Go line by line through the data below and count those that hold "with". Return only the number.

SUPPLIED DATA:
● ● ● ●

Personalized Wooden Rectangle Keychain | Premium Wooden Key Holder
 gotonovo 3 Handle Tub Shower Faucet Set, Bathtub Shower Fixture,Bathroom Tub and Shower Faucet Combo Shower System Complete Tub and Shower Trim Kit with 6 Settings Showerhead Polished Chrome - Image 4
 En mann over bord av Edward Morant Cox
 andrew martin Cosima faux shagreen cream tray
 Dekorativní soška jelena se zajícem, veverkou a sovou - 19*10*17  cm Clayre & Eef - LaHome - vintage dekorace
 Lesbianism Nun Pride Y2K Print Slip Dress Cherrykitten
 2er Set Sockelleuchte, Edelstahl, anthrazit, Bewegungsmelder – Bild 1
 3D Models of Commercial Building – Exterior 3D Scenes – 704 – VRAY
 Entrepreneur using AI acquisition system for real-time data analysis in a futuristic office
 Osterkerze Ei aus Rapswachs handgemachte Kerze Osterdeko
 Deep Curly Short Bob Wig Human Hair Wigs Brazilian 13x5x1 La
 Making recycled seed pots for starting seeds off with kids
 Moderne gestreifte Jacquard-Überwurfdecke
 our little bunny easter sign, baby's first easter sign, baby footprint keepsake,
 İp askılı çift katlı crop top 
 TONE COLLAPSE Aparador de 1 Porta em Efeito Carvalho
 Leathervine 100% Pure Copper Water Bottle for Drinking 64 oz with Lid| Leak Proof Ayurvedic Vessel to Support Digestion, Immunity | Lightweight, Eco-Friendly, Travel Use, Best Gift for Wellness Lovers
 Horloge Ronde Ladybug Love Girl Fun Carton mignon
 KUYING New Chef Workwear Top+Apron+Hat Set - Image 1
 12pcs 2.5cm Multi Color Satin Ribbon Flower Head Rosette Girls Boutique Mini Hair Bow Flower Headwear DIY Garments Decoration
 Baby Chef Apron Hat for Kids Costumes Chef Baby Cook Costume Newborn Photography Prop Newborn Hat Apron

● ● ● ●

ANSWER FOR THE TASK:
3